Tuesday, 8/27/13
Today we honor Monica, the patron saint of long-suffering
mothers. Though baptized at birth, she was handed over in marriage to a
cantankerous mother-in-law and to her son Patricus, who was a pagan with a hot
temper and wandering ways. Monica bore him three children, with the oldest of
them being the clever Augustine. She enrolled her son as a catechumen, and she had
him half way towards being baptized, when his father Patricus, seeing the
intellectual Augustine as a good investment, set him up as in the city of
Carthage as a student in Rhetoric.
Rhetoric is the art of persuasive speech.
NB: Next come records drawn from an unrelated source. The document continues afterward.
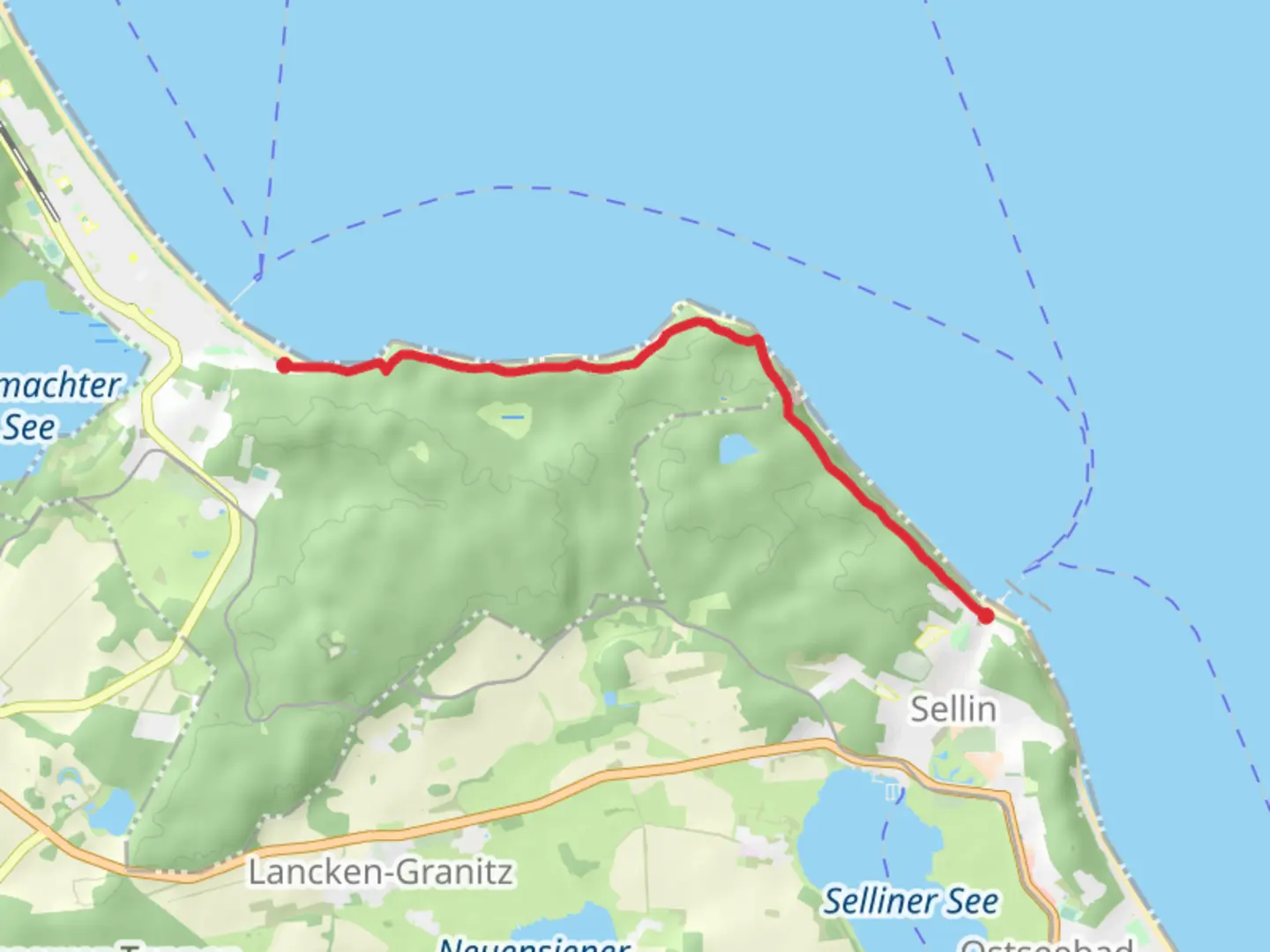 An image depicting the trail Kur Park to Sellin via Hochufer Wandeweg and its surrounding area.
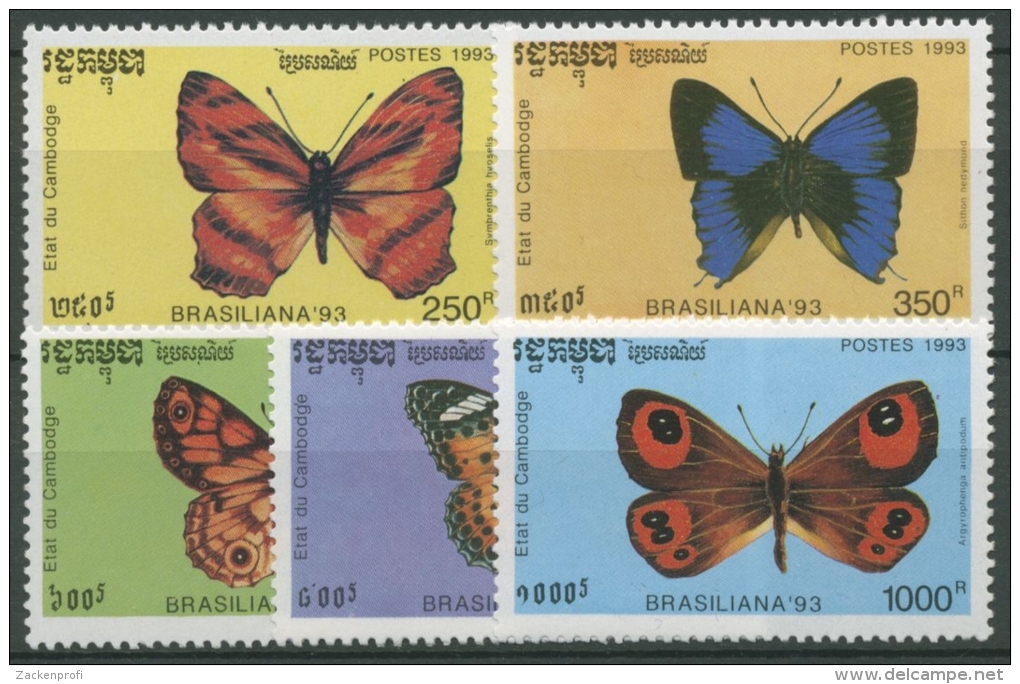 Kambodscha 1993 Briefm.-Ausstell. BRASILIANA '93 Schmetterlinge 1354/58 Postfr. - Cambodja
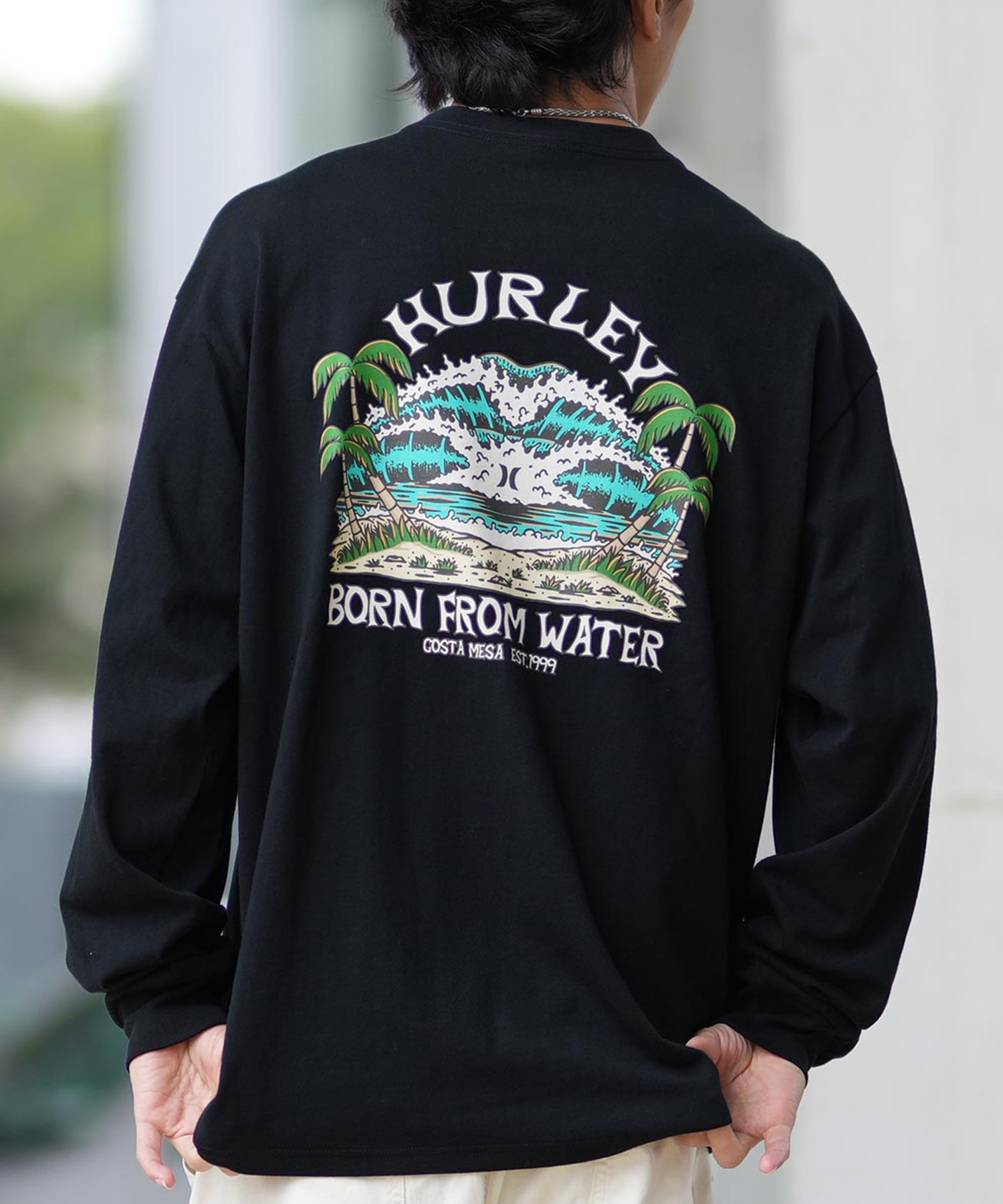 Hurley ハーレー 長袖 Tシャツ メンズ ロンT ヘビーウェイト バックプリント MCLS242027(BLK-M)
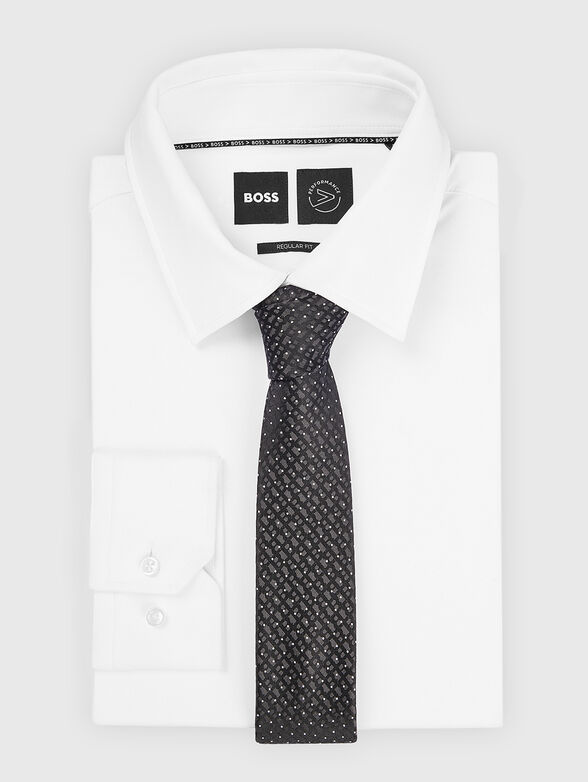 Monogram-logo print tie - 1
Before advertising
came along as a major occupation, rhetoricians were employed as speech-writers by
men pleading their cases before monarchs.
As part of setting up Augustine, Patricus bought a
seventeen-year-old girl to tend to all his son’s needs. Augustine still had
spiritual interests, but he became quite attached to his live-in servant girl. With his physical
enthusiasms warring with his spiritual
interests, he enrolled in the Manichaean Religion that honored separate creators
of human bodies and souls.
Disgusted with her son’s duplicity, his mother Monica had
nothing to do with him for a time; but taking her anguish to prayer, she came
away feeling she should stay as close as she could to her straying son. At home, her goodness was rewarded with her seeing the baptism of both her husband and
her mother-in-law.
Those two passed away when Augustine was twenty-nine, then, without telling her about it, he slipped away to write speeches for senators in
Rome. Seeking him there, Monica learned that for better money he had gone on to
Milan where the emperor had taken up permanent residence.
Following Augustine to Milan, Monica found great delight in
the cathedral sermons of the bishop, who was St. Ambrose. That had her pleading
with her son to listen to Ambrose for pointers in his line of persuasive
speech. Succeeding at last, she was given the joy of seeing Augustine brought
to the love of God by the wonderful words of Ambrose.
Augustine wrote of Monica’s dying after telling him, “Son,
all my hopes in this world have now been fulfilled.”